Husband leaves town, time for me to get to work. Out comes the spackle, I start fixing dings and divots, scraping old, old, old paint off the woodwork. (Lesson #1 for everyone…do the free world a favor. USE FRICKING PAINTERS TAPE AROUND WOODWORK FOR THE LOVE OF GOD PEOPLE. I don’t care if you like the blue or green. Really I don’t. I DO care that as the new owner of your former home, because you were a lazy ba***rd I have to scrape 3 layers off my lovely oak woodwork.) (Lesson #2, if you spray it first with Pledge Multi-Surface Cleaner, and let it soak for 3-5 seconds, then scrape with your razor blade, it helps to soften the paint. Don’t ask me why I tried this out, I haven’t a clue, but it works.) Finally it’s time to paint. Get the light down, paint the walls around our sink and the ceiling over it. I wanted to do that first so I could get the new light up right away, then I wouldn’t be without a light in the bathroom for more than a few hours. As I bring the new light fixture into the bathroom, I realize my next problem.

Remember I mentioned that the old light was a light bar, therefore it’s very lightweight, and mounted on the wall with two screws. The wiring merely came out of the hole in the wall. No mounting box. Lovely new fixture needs a mounting box. Sounds simple enough, right? Just call the handy dandy electrician down the street to put one in? Which I did…only to find that the lovely little pipe I could see next to the hole in the wall where the wires came out would mean that the mounting box would be mounted to the right of center…and subsequently all light fixtures thereafter would be too.

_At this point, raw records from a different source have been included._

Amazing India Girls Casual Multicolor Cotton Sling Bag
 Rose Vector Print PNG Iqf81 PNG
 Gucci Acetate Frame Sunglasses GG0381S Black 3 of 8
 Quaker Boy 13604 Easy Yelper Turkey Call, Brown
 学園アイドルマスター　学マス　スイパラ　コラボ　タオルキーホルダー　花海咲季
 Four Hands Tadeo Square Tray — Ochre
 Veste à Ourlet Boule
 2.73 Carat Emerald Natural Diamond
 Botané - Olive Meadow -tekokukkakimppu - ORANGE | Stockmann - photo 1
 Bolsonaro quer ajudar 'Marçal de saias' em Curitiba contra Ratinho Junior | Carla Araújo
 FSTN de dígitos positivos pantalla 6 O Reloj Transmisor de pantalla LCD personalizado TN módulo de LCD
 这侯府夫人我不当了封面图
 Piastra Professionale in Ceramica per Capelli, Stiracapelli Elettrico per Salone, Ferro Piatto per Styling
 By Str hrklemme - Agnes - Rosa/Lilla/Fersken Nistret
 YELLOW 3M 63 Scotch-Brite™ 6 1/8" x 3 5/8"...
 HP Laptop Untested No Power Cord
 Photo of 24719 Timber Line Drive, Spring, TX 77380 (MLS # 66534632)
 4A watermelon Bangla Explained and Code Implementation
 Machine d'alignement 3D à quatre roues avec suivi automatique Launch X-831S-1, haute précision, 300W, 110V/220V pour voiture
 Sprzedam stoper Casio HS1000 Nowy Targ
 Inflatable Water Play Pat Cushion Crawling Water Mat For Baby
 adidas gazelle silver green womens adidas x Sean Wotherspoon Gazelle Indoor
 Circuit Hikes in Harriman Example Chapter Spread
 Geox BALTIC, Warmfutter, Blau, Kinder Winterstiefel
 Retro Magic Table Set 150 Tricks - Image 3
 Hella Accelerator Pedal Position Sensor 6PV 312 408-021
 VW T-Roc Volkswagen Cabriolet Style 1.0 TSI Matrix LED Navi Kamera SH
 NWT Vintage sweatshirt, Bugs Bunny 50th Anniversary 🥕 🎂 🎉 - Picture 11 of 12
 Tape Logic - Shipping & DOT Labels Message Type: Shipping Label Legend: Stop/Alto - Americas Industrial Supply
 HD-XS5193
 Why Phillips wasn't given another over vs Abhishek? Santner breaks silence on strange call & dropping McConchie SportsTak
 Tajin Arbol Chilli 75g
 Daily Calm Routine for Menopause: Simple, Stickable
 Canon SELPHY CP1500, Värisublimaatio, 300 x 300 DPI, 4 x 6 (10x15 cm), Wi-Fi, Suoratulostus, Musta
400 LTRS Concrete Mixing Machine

So now we get to have him split the wiring and put up sconces. Sigh. So back up went the old fixture until husband can get home and I can break the bad news that a) we ‘get’ to spend more money on rewiring and b) we ‘get’ to buy more lights.

Continue painting….and why am I not getting the same lovely warm fuzzy about the color that I did about the sample? As I studied it, it didn’t look at all the same to me. It didn’t look anything like calm and restful. Not even close…it looked more like 1968 turquoise! Now I’m starting to feel my WTH moment begin…what happened? Remember earlier  when I said I’d come back to the samples? Well, the paint samples were in eggshell…and the paint I bought was semi-gloss. It went on a completely different color in semi-gloss, and suddenly was intense! I thought maybe it was me, but figured I’d better wait for my husband to validate, so I held off any more painting until he got home from his trip, which I felt awful about since my goal was to present him with a finished bathroom, not one still covered in paint swatches. He agreed, however, it was too intense and we went back to the drawing board on paint. Hopefully I’ll finish before his next vacation.

Oh yeah, and the caulk has to be chiseled out too.